Choosing a material is the first design decision of any housewares program, and it is the one that most affects how a piece looks, ages and prices. Because we work across forging, casting, machining, wood turning and finishing, we are rarely limited to a single material — we can match the material to the brief rather than the other way around. This guide walks through the ten materials and finishes we work in most, what each is best suited to, and the food-safety facts you should keep in hand when you specify.
The metals
Stainless steel is the workhorse of the tabletop, and for good reason: it is durable, corrosion-resistant and easy to maintain. Our stainless is FDA-compliant, which makes it the natural default for flatware bowls and blades, serveware and any piece in regular contact with food. Specify it where longevity and a clean, contemporary look matter most.
Copper brings warmth and a high-end signature, especially in our hammered, dual-wall cookware with a stainless lining — a construction we have refined over more than two decades of turning copper and stainless steel. Where copper meets food or drink, we either apply a food-safe coating or line it with stainless, so you get copper's looks without the food-safety compromise.
Brass is for warmth and sculpture: cast-brass figures and artware, brass home accents, handles and structural details. It is best as a decorative and accent material and in components rather than primary food-contact surfaces.

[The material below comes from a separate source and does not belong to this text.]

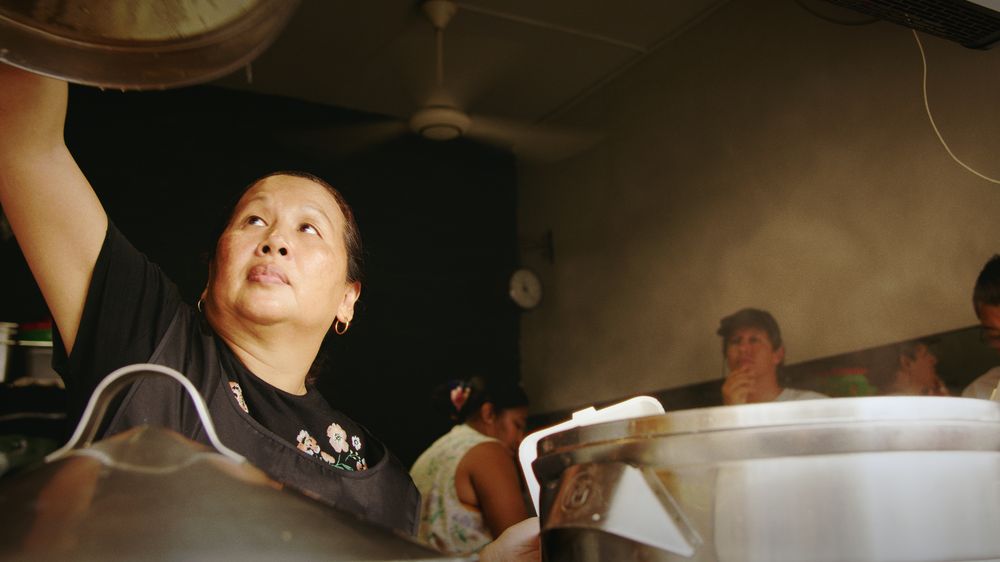A woman lifts the lid of a large pot in a busy kitchen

Cast iron is the choice for heat retention and rugged, long-life cookware. It rewards a program that wants serious performance and a substantial hand-feel, and pairs naturally with our cookware range of skillets, Dutch ovens and saute pans.
The natural materials
Marble (and granite) gives a program weight, coolness and a premium feel — think pour-over stands, utensil holders, pinch bowls and trays. Our rule of thumb on the floor is simple: if it can be carved from marble, it can be developed. Wood brings tactility and craft, turned and carved by hand for handles, scoops and serving pieces, and it is where our FSC sourcing comes into play for programs that need certified material. Both age beautifully when matched to the right use.
The finishes
Finish is where a material gets its final character, and our roots in electroplating give us a deep PVD range. Gold PVD delivers a rich, warm gold that wears far better than traditional plating. Champagne Gold PVD is the softer, more neutral cousin — gold without the heat, ideal for understated premium lines. Black PVD gives a modern matte-to-satin black that pairs strikingly with natural handles. All three are applied because PVD holds up to years of real service rather than dulling after a season. Brushed steel rounds out the set with a clean satin finish for contemporary, minimal programs. Across all of these we can add mechanical and chemical textures, plus laser etching, for logos, patterns and bespoke detail.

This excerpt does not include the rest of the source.